In this connection I have had the following correspondence with the Lancet Psychiatry Editors:
When A Difference Makes No Difference
In June this year the Lancet published guidance [Boyce et al (2021)] for mental health researchers to ensure that the primary outcome measure employed in a study needs to be meaningful. Researchers were asked to a) justify their choice of an outcome measure and b) specify what a change of X or Y on a measure would mean for a service user. Contemporaneously, Lancet Psychiatry published a study by Barkham et al (2021) that made no attempt to address the Editor’s expressed concerns.
Barkham et al (2021) chose to adopt the Improving Access to Psychological Therapies (IAPT) primary outcome measures the PHQ-9 [Kroenke et al (2001)] and GAD-7 [Spitzer et al (2006)], without any discussion. There is no comment that these are self-report measures, subject to demand characteristics and that changes are impossible to interpret without comparison to an active placebo treatment.

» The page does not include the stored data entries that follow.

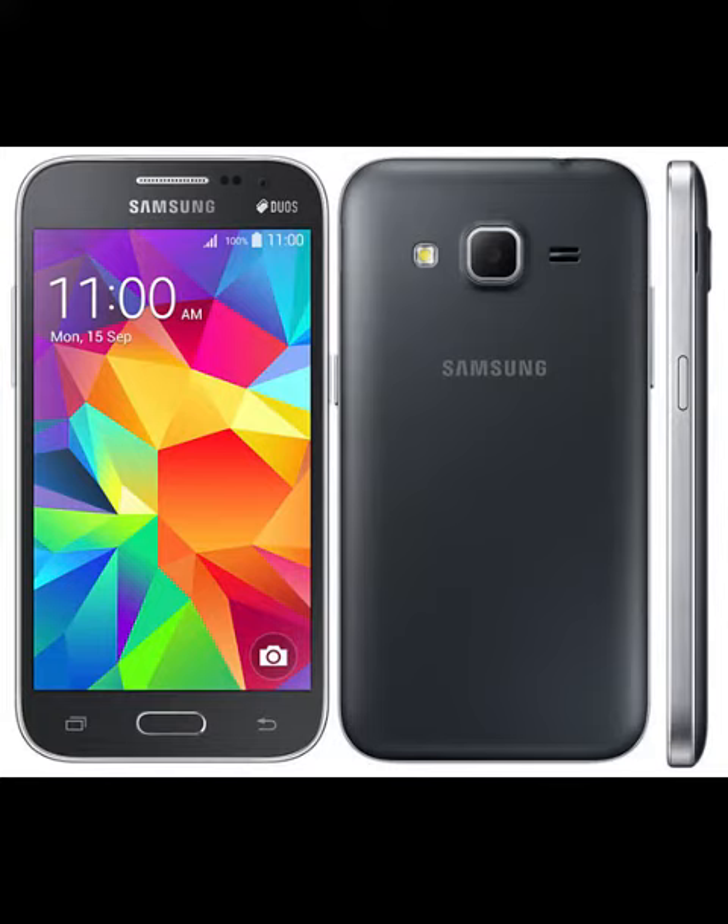Samsung Galaxy Core Prime BE Specifications: 4.5-inch 800x480 pixels PLS display, 1.3GHz quad-core processor, 1GB RAM, 8GB internal memory expandable up to 64GB with microSD, Android 4.4 KitKat OS, 5MP rear camera with LED flash, 2MP front-facing camera, Dual SIM.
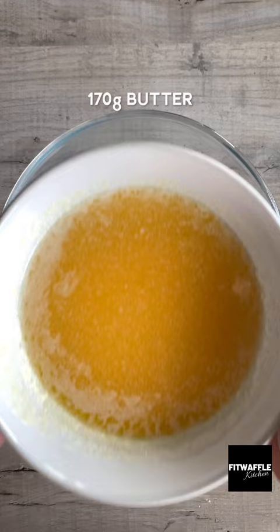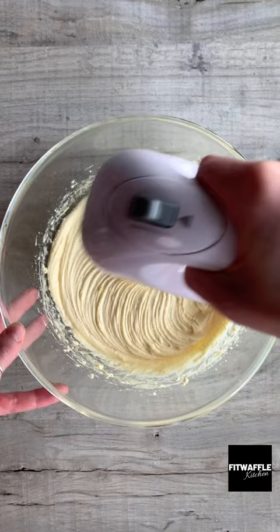For the brownie, add melted butter and caster sugar to a bowl and whisk these together. Then add two eggs and whisk to form stiff peaks. Add milk or dark chocolate and whisk this in.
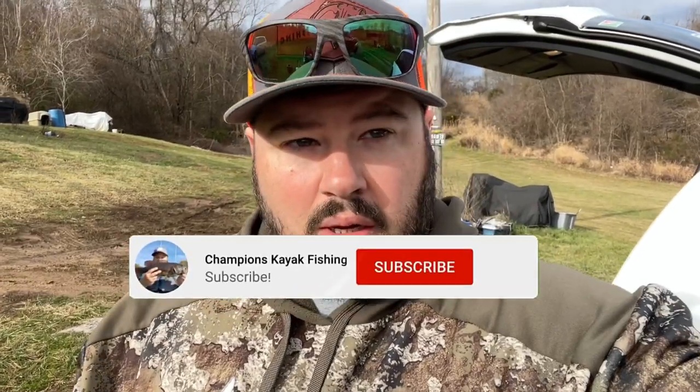Guys, Champions Fishing here. Just want to do a real quick video today — and when I say real quick, I don't mean 30 seconds — but we're going to do just a real quick video looking at the Champions Fishing fleet that's coming up.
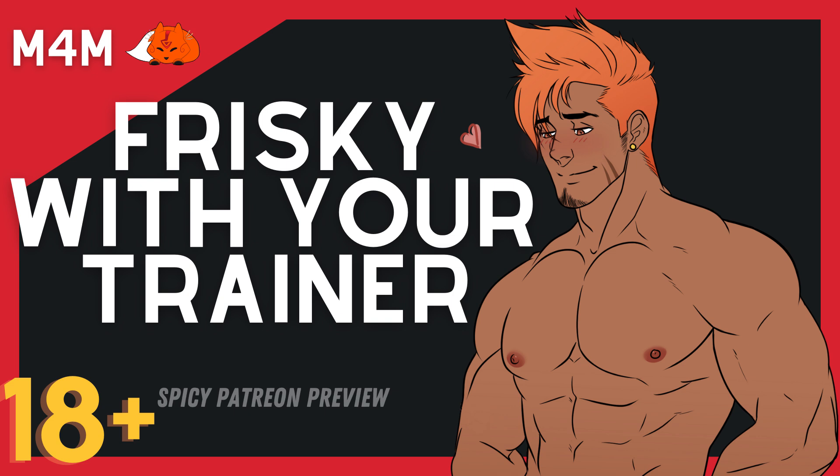Alright, let's get started with some sit-ups. Well, if you usually like taking a shirt off during your workouts, that's fine by me — I don't mind at all. I'm not really shy, I can take mine off too. We're both men here, right?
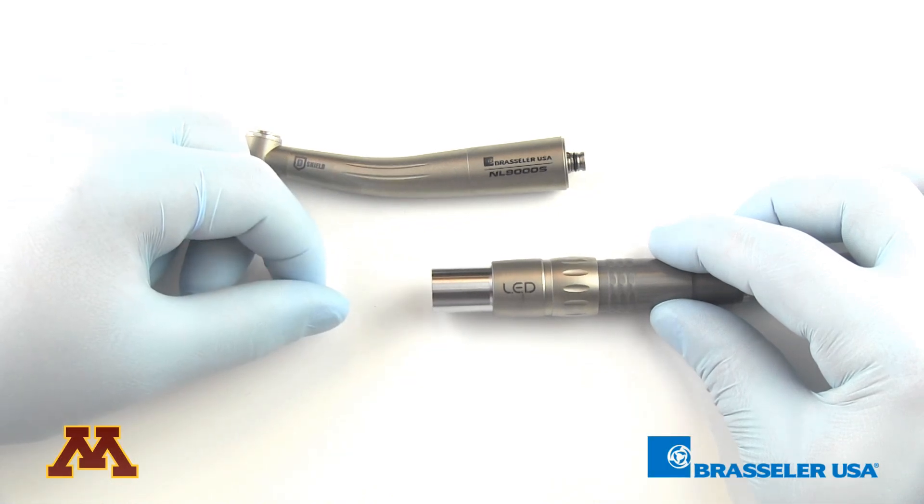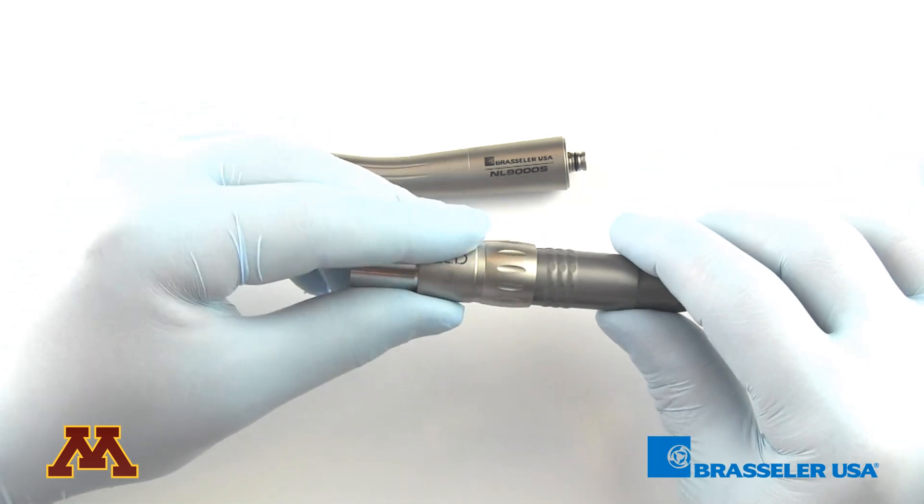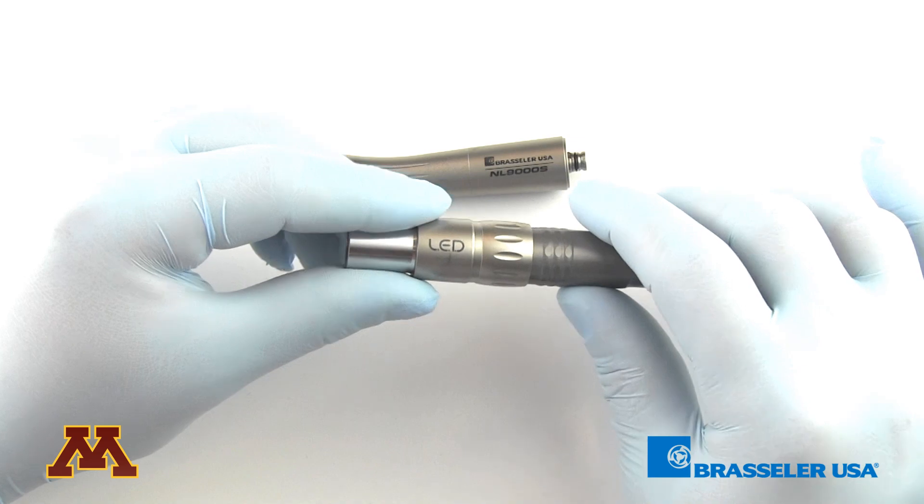This is a quick overview of the hand pieces that are used at the University of Minnesota's dental school. One thing you'll notice is a coupler that's connected to the very end of the dental tubing. This coupler should remain on the dental tubing at all times.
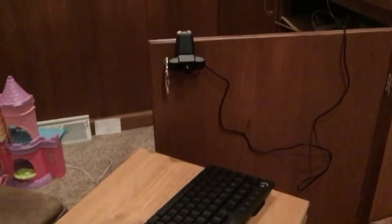Hey guys, first of all, I'm going to be teaching you guys how to fix it when your webcam is not working.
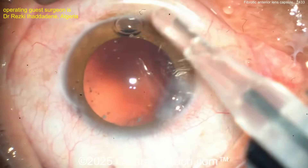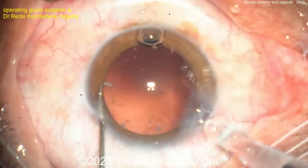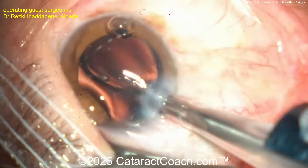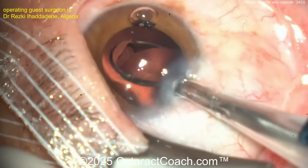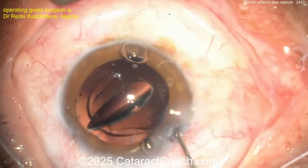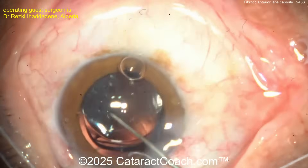There's the viscoelastic filling the capsular bag. It looks like a single-piece acrylic IOL. Get that delivered into the capsular bag. If you've got great technique, send us a video — we want to learn together. Go to cataractcoach.com and there's a link that says 'submit your video' — just follow the directions carefully.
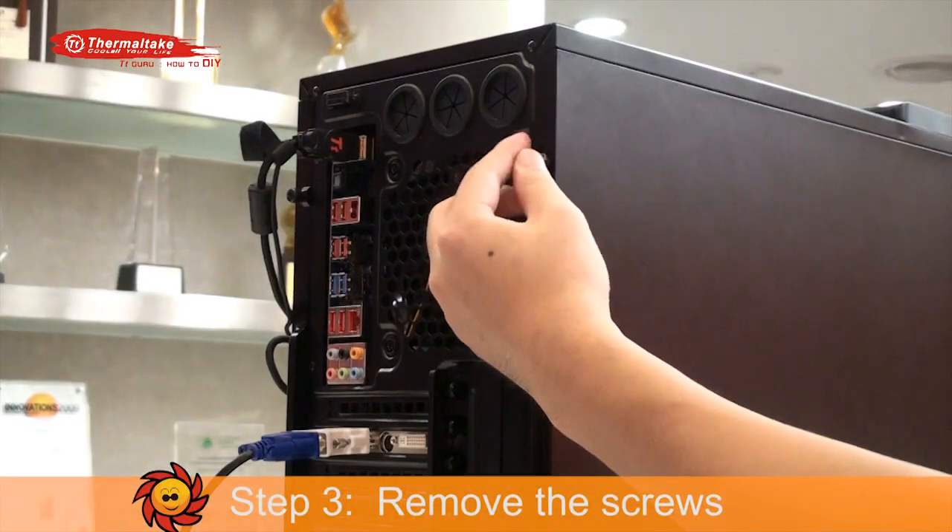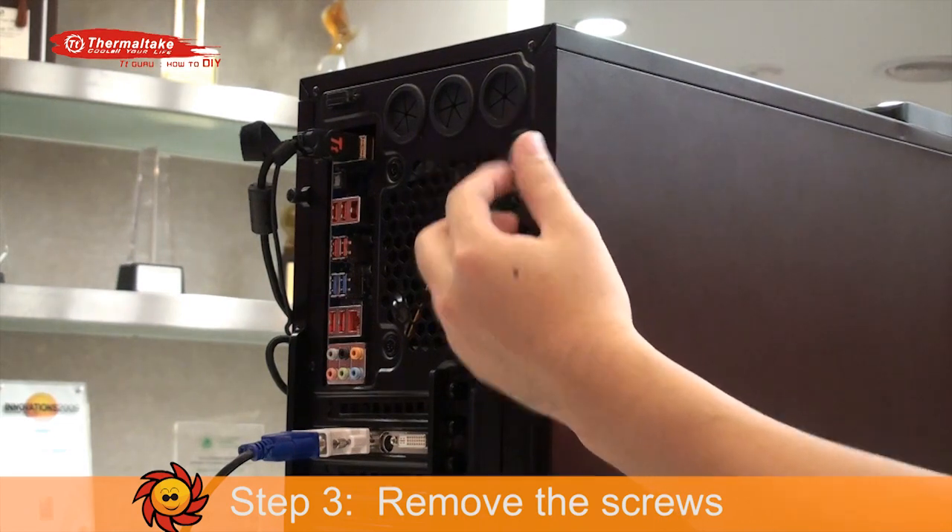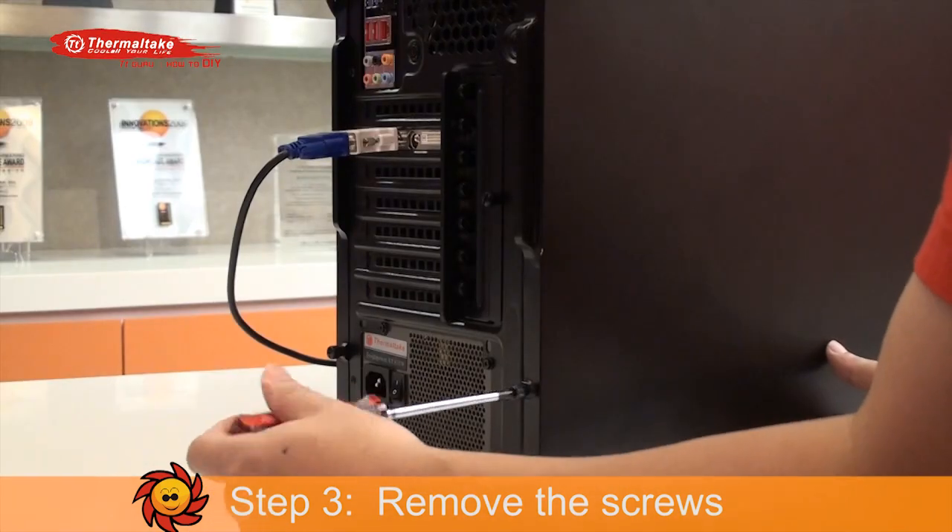Step 3: Remove the screws by screwdrivers, or just remove the thumb screws by twisting them.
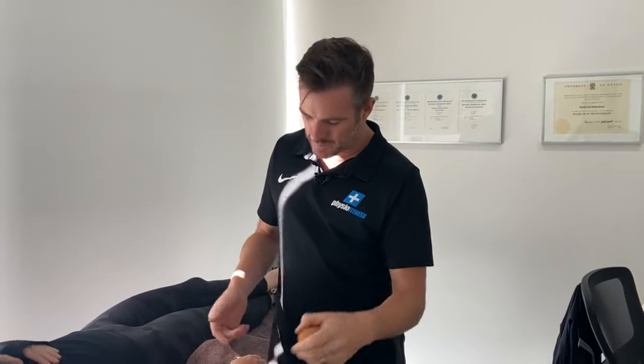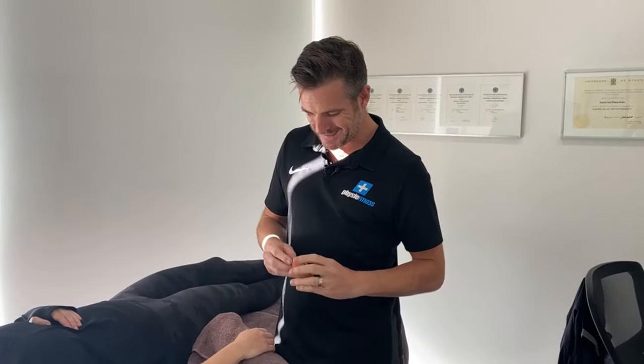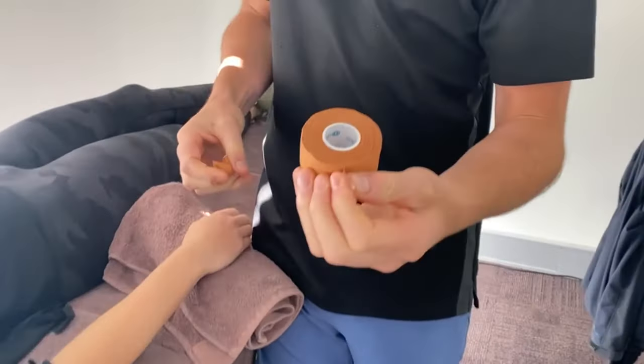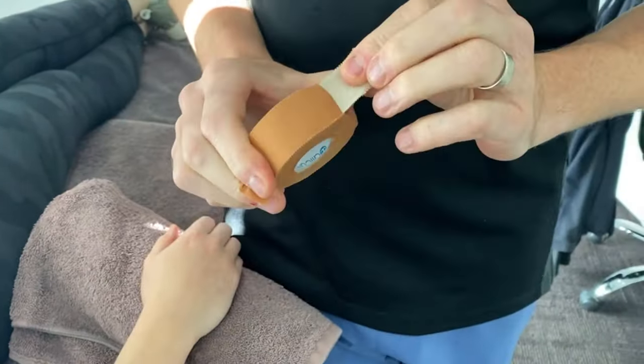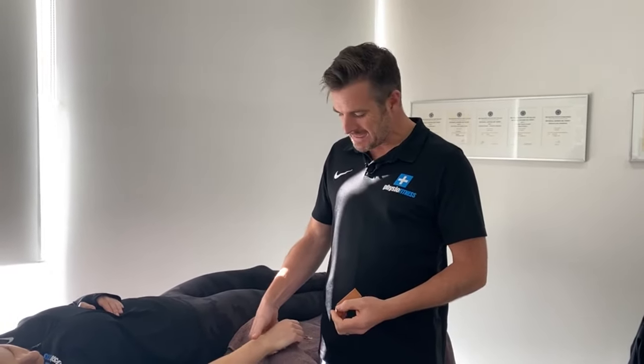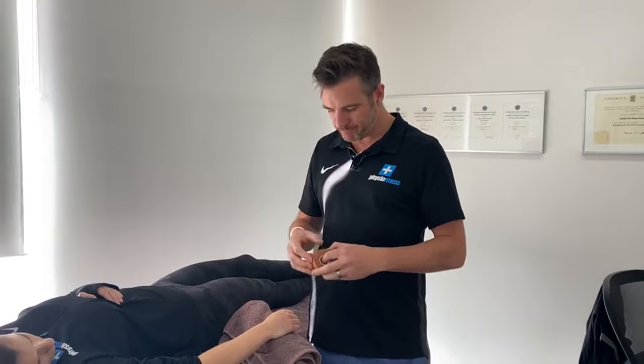We'll start with thumb tape — we call it thumb tape because we use it for thumbs, but it is 25mm tape, not the 38mm wide tape you use for ankles and knees. Make sure it is tearable tape with a serrated edge. This is zinc oxide tape, so it's really sticky and good, but some skins don't like it. If taping for an extended period like three or four days, put underwrap underneath as a barrier to allow some breathability.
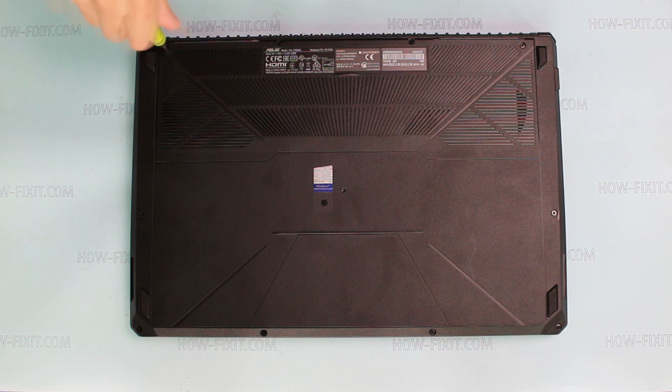To disassemble laptop ASUS FX504, you need to unscrew six screws on the bottom cover.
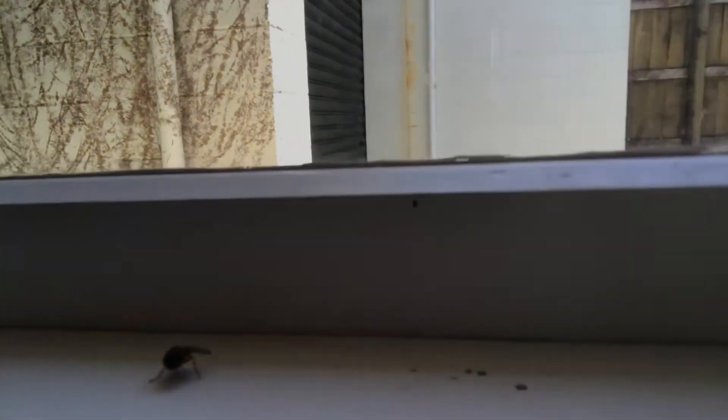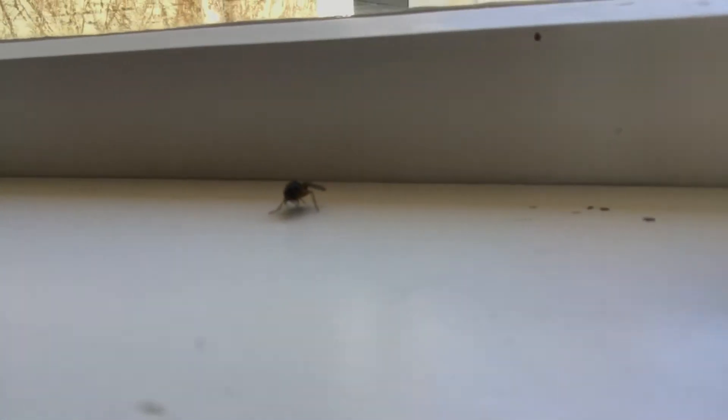There's a dead fly out there and it's really weird. Do you want to see it? I'll show you. I don't know how to turn this around — I don't even know if you're going to see it. But it's fully just like standing there like it's alive, but it's very dead.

The Barkham et al (2021) study involved comparison of person-centred counselling and cognitive behaviour therapy (cbt) in a high intensity therapy service delivered by IAPT. Curiously patients were screened for the study using the Clinician Interview Schedule Revised but neither this nor any standardised diagnostic interview was used as an outcome measure. Why such apparent blindness? The answer is apparent reading the declaration of conflicts of interest, the authors are either devotees of person-centred counselling or have links with IAPT. Their take home message is that person centred counselling might be better than CBT for depressed patients. But there is no attempt to address the question of what proportion of patients lost their diagnosis status and for how long, as determined by an independent blind clinical assessment using a standardised interview. Service-users interests are ill-served by this type of study which additionally ignored data that suggest the recovery rate in IAPT is just 10% [Scott (2018)].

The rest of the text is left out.